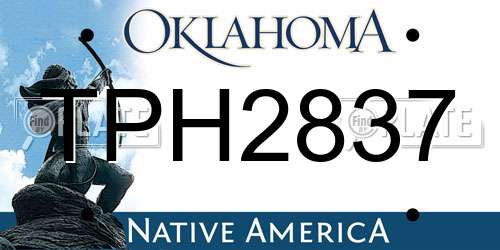 TPH2837 Oklahoma License Plate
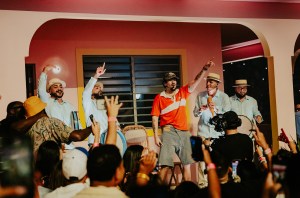 Bad Bunny performs onstage during night 1 of Bad Bunny: "No Me Quiero Ir De Aqui" Residencia En El Choli at Coliseo de Puerto Rico José Miguel Agrelot on July 11, 2025 in San Juan, Puerto Rico.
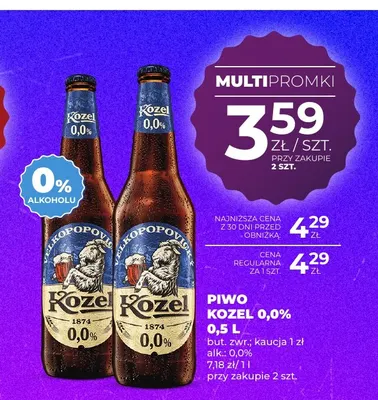 Piwo bezalkoholowe Kozel promocja w Duży Ben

----

▸ **Aim of the exercise**: What you return should match the material line for line, with the images removed.

▸ **Exercise solution**:
 TPH2837 Oklahoma License Plate
 Bad Bunny performs onstage during night 1 of Bad Bunny: "No Me Quiero Ir De Aqui" Residencia En El Choli at Coliseo de Puerto Rico José Miguel Agrelot on July 11, 2025 in San Juan, Puerto Rico.
 Piwo bezalkoholowe Kozel promocja w Duży Ben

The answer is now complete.